El Salvador Celebrates international Workers' Day
On May 1st, 2015, hundreds of thousands filled the streets of San Salvador to celebrate the victories of the working class and voice their demands for justice, equality and self-determination.
As usual, May Day was a festive affair, full of music, banners, chanting and theatrics. Street theater and graffiti artists condemned US imperialism and recent interventions by US Ambassador Mari Carmen Aponte in national affairs; colorful signs denounced Supreme Court destabilization, while others honored the legacy of martyred Archbishop Oscar Romero.
The Salvadoran Social and Union Front headed the march as part of the United Social Movement and Union Coordinating Committee (CUSS) block, followed by several more diverse mass social movement coalitions, radical student organizations from the National University of El Salvador and base committees of the governing leftist Farabundo Martí National Liberation Front (FMLN) party. Marchers set out in front of the Metrocentro mall and amassed at the landmark Salvador del Mundo monument, where President Salvador Sánchez Cerén, Vice President Oscar Ortiz, Labor Minister Sandra Guevara and FMLN Secretary General Medardo González joined social movement leaders onstage before the crowd.
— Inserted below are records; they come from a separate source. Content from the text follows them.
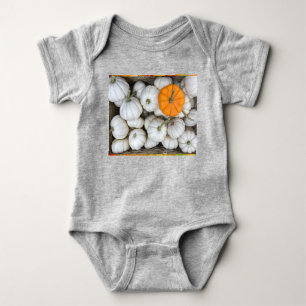 Ghost Pumpkins med en smygande orange en T Shirt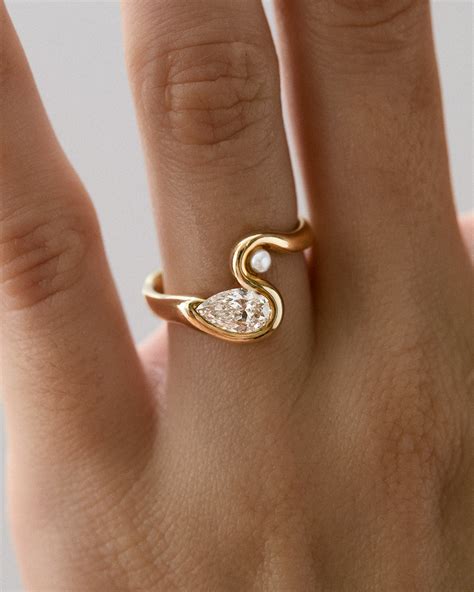 melted diamond ring – Hernan Herdez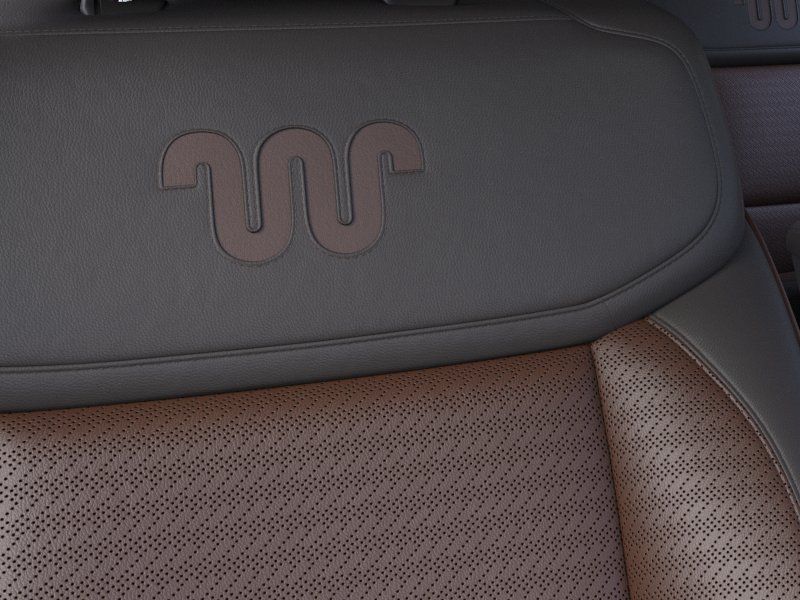 New 2026 Agate Black Metallic Ford King Ranch image 16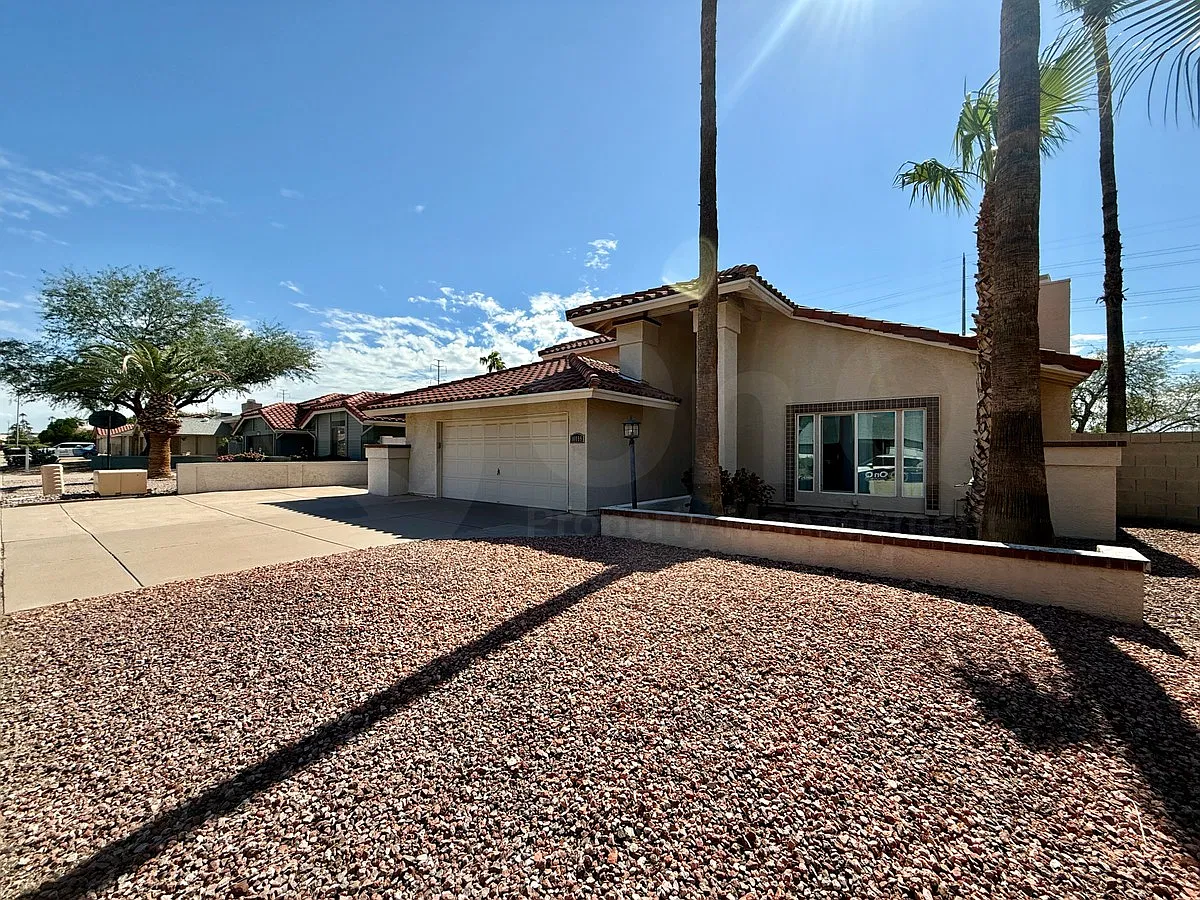3 bed, 2.0 bath, 2158 sqft, $3,428 — Photo 3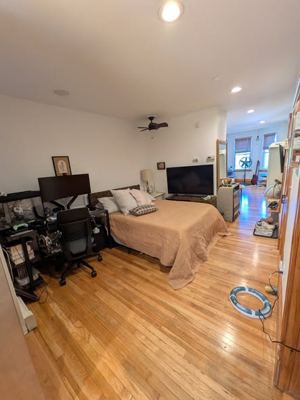 **AVAILABLE NOW $2,500 STUDIO IN CAMBRIDGE** 3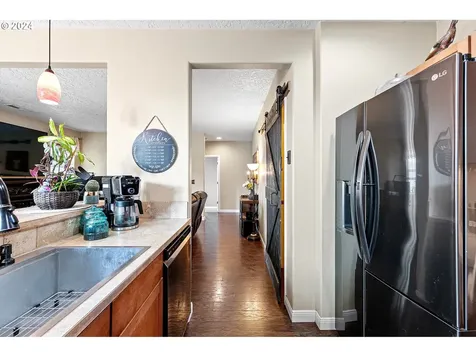 532 S 48th Place Springfield OR 97478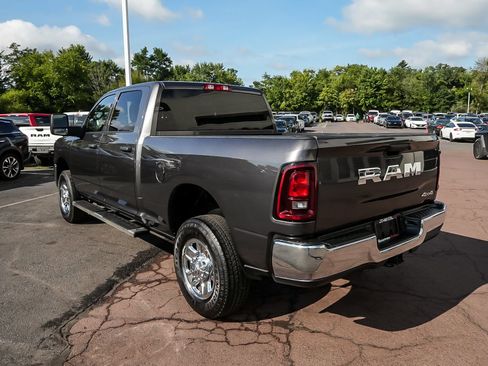 Used 2026 RAM 2500 Tradesman w/ Chrome Appearance Group AWD/4WD image 4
Union leader Roberto Gutierrez delivered the collective platform put forward by the march organizers to the President, and read the demands to the thousands gathered. These included the respect for labor rights and dignified working conditions, expanding popular government social programs, guaranteeing the human rights to food and water and enacting a progressive fiscal reform. He also spoke out against the Attorney General’s complicity in acts of corruption by ex-officials, the interventionist actions of the “Fantastic Four” Supreme Court magistrates and warned against regional militarization threats in the US-backed Alliance for Prosperity.
“I want to commit myself to the working class; this proposal will be the foundation for discussions to reach agreements with the labor sector,” said Sánchez Cerén upon receiving the demands.